The proposed pleadings

  1. The significant difference between the proposed pleadings and those that I had dealt with in my earlier judgment is that the representations relied upon by the defendants are now all contained within the proposed cross-claim. The defence simply responds to paragraphs in the amended statement of claim by admitting, not admitting or denying allegations in that statement of claim, and by denying that the various agreements (the deed of loan, the variation deed and the mortgage) were enforceable. An accounting issue is also raised.

  2. In relation to the cross-claim, the significant change is that the representations alleged against the plaintiff are now confined to an email sent by the director of the plaintiff, Mr Cacciola, on 3 March 2014. The remaining representations, alleged to have been made by Mr Lazar and Mr Rod, are not to be brought home to the plaintiff. Rather, they are pleaded as the basis of causes of action against those individuals and, in Mr Rod’s case, his law firm also.

  3. The only other claim made against the plaintiff arises from what is alleged to be the giving of independent legal advice by Mr Rod at the time the deed of loan was entered into on 19 September 2013. In that respect, Mr Rod is alleged to have acted as the plaintiff’s solicitor.

  4. Neither the defence nor the cross-claim puts in issue the repayment of the principal sum. The defendants accept that the balance of the principal sum must be paid.

  5. The loan was made on 19 September 2013 with an expiry date of 19 December 2013. That was extended on two occasions so that loan became repayable on 18 June 2014. Although half of the principal sum, $150,000.00, was paid on 29 July 2014, other amounts paid both before and after that time were payments of interest. The result is that the defendants have been in default for almost five years and with no defence to that aspect of the claim raised.

Waiver of the payment condition

  1. When counsel for the plaintiff, not unreasonably, at the hearing of the earlier notice of motion, submitted that it ought to be made a condition of the right to file amended pleadings, that the principal sum be paid or secured, counsel for the defendant said that he could not be heard to argue against that proposition. The hearing of that motion took place on 8 November 2018.

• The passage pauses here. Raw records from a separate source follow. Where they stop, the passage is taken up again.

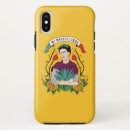 Zoek naar frida kahlo iphone hoesjes Mexico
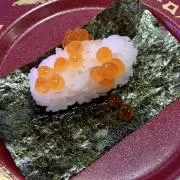 おすしの画像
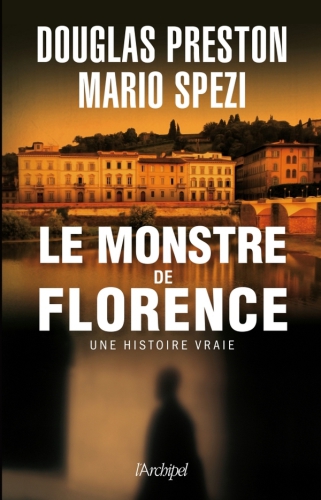 Le Monstre de Florence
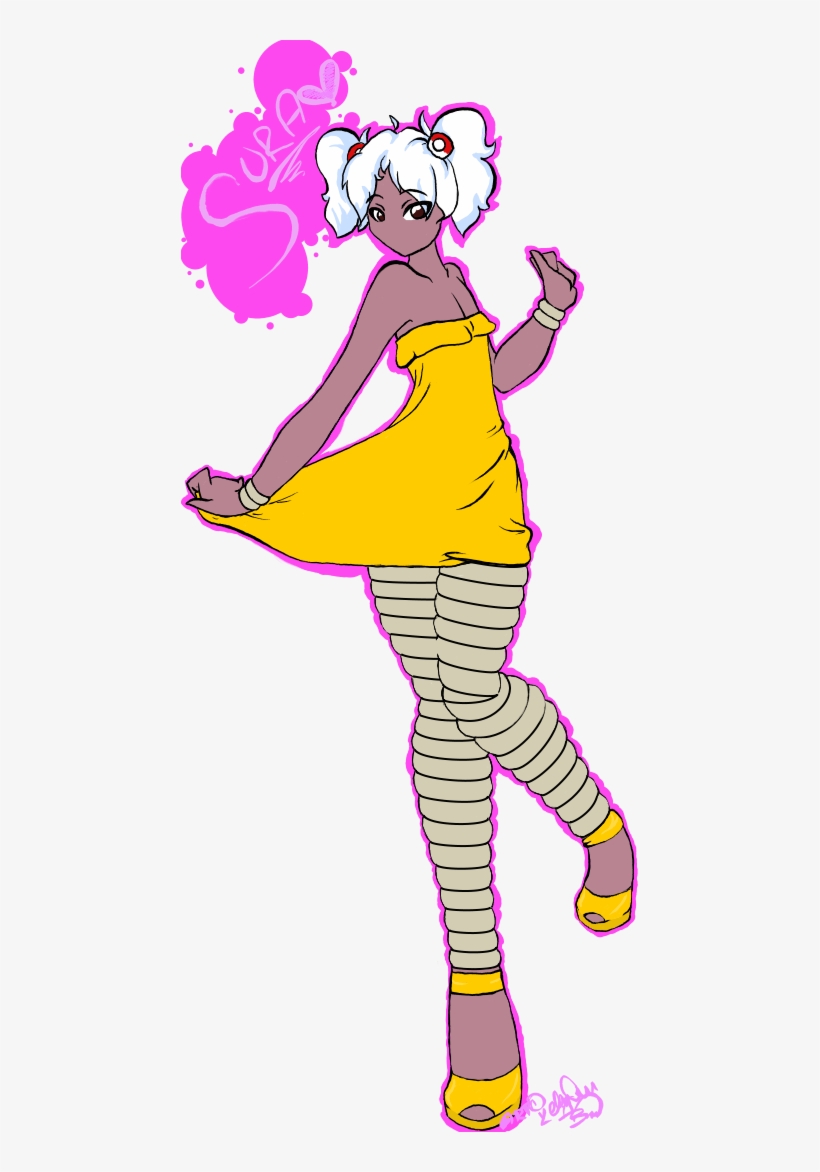 Sura The Hitmonlee - Cartoon, transparent png download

  2. In his affidavit in support of the application to waive payment of the principal sum, the third defendant said that since he was informed on 8 February 2019 of the orders I had made, he had been endeavouring to raise finance to comply with the condition. He said that he had not been able to secure finance to make the payment. He said that the presence of two caveats over the only asset owned by the defendants in respect of which security could be provided, the property at 12 Lola Road, Dover Heights, was preventing the defendants from raising finance. He wrongly asserted that both caveats lodged in respect of the property were caveats lodged by the plaintiff. In fact, only one caveat was lodged by the plaintiff, and that was done pursuant to the deed of loan to give notice of the unregistered second mortgage.

  3. The third defendant annexes to his affidavit three letters from financiers being the Byrnes Corporation Holdings Pty Ltd, Australian Equity Finance and Financewerx. The latter two organisations say that they cannot assist because of the existence of the two caveats on the property. The Byrnes Corporation said that if the defendants were unable to arrange for the removal of the caveats, it would be unable to assist.

  4. Those responses led to the defendants’ solicitors forwarding an email on 18 March 2019 to the plaintiff’s solicitors saying, inter alia:

We are instructed to file an application seeking to vacate the requirement for payment of the $150,000.00, or alternatively, an extension of time of 3 months to pay the $150,000 to the plaintiff.

  1. The third defendant also annexed to his affidavit various financial documents of the first defendant including a balance sheet and statements of profit and loss over a number of years. He also annexed a copy of a financial statement showing his income and assets. That statement estimates the value of the Dover Heights property at $11 million with a mortgage to Westpac, the fourth defendant, of $5.5 million. The third defendant’s average weekly income after tax is said to be $10,027.00.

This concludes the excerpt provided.